In tests conducted by Akamai, it reduced one campaign’s annual revenue from $50K to $12K, a 76% drop, by banning proxies, potentially forcing attackers to abandon the campaign.
Akamai’s second method targets miners connected directly to public pools without proxies. By flooding the pool with over 1,000 login attempts using the attacker’s wallet, the wallet gets temporarily banned for an hour. Though not permanent, this disruption can significantly hinder the attack. The researchers demonstrated the technique targeting Monero miners, however, it is adaptable to other cryptocurrencies.
“When we inspected the mining pool’s source code, another option came to mind — targeting the wallet address. While the previous bad shares policy targeted miner IP addresses, we identified an additional policy that is enforced on the wallet level — the pool will ban the wallet’s address for one hour if it has more than 1,000 workers.” continues the report. “When using proxy mining, an attacker can embed their wallet address exclusively on the proxy server, enabling them to effectively masquerade it. But in situations where direct mining is performed, the wallet address must be present on the victim machine, which enables us to extract it. Getting the attacker banned in this case is straightforward — we just send more than 1,000 login requests using the attacker’s wallet simultaneously, which will force the pool to ban the attacker’s wallet.”

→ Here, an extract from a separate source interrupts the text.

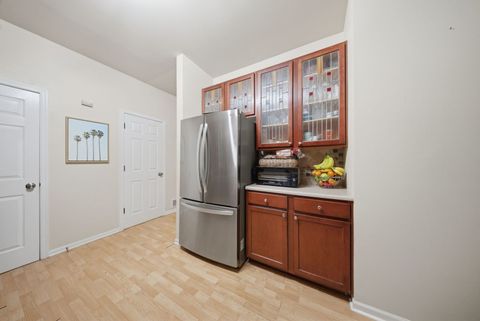 Tiny photo for 394 Jamestown Court, Aurora, IL 60504 (MLS # 12629064)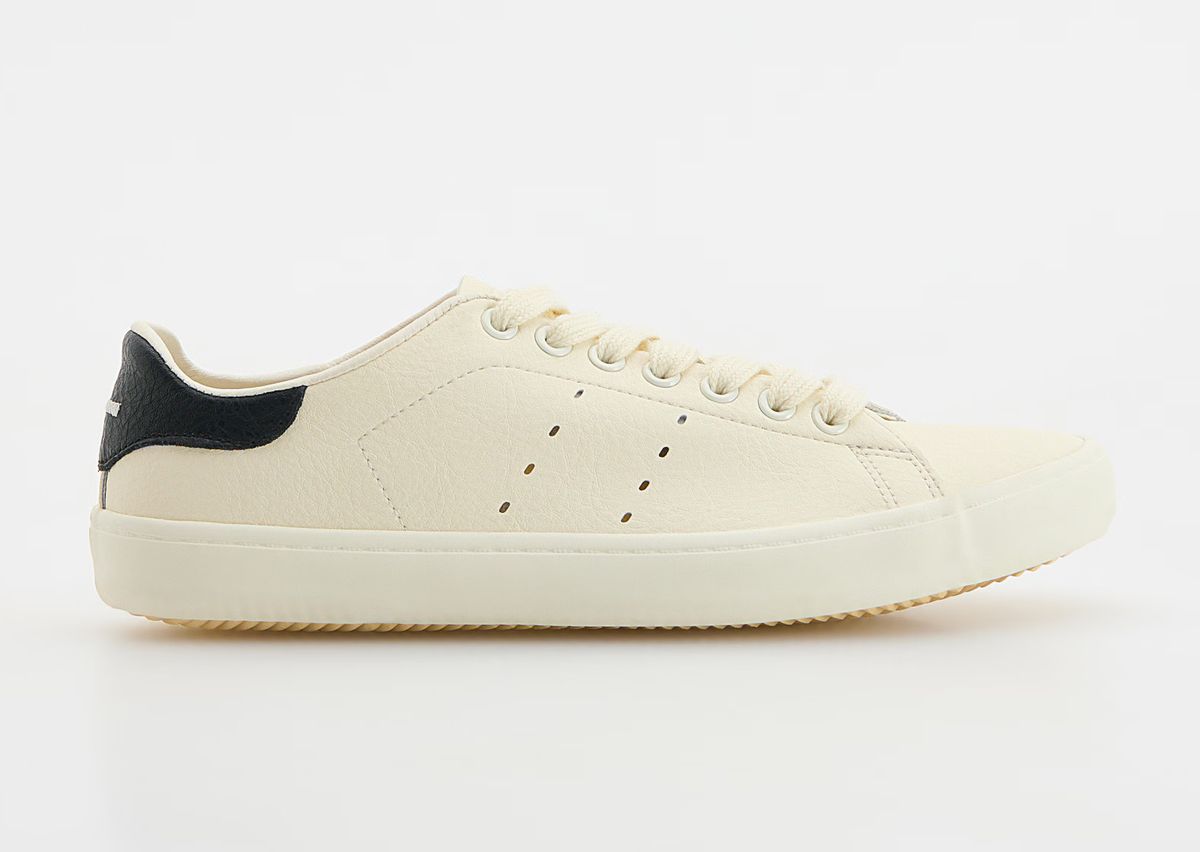 Reserved, 39,99 eura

The researchers implemented this second attack technique in the XMRogue tool
The techniques above demonstrate how defenders can disrupt malicious cryptominer campaigns by exploiting mining pool policies, without affecting legitimate miners. While a legitimate user can quickly recover by changing their IP or wallet, attackers face a much bigger challenge. Shutting down a malicious campaign would require changes across the entire botnet, making this defense especially effective against less sophisticated operations.
“We believe that the threat of cryptominers will continue to grow over time. But now we can fight back and disrupt the attacker’s operation, making it much more challenging to monetize cryptominers effectively” concludes the report.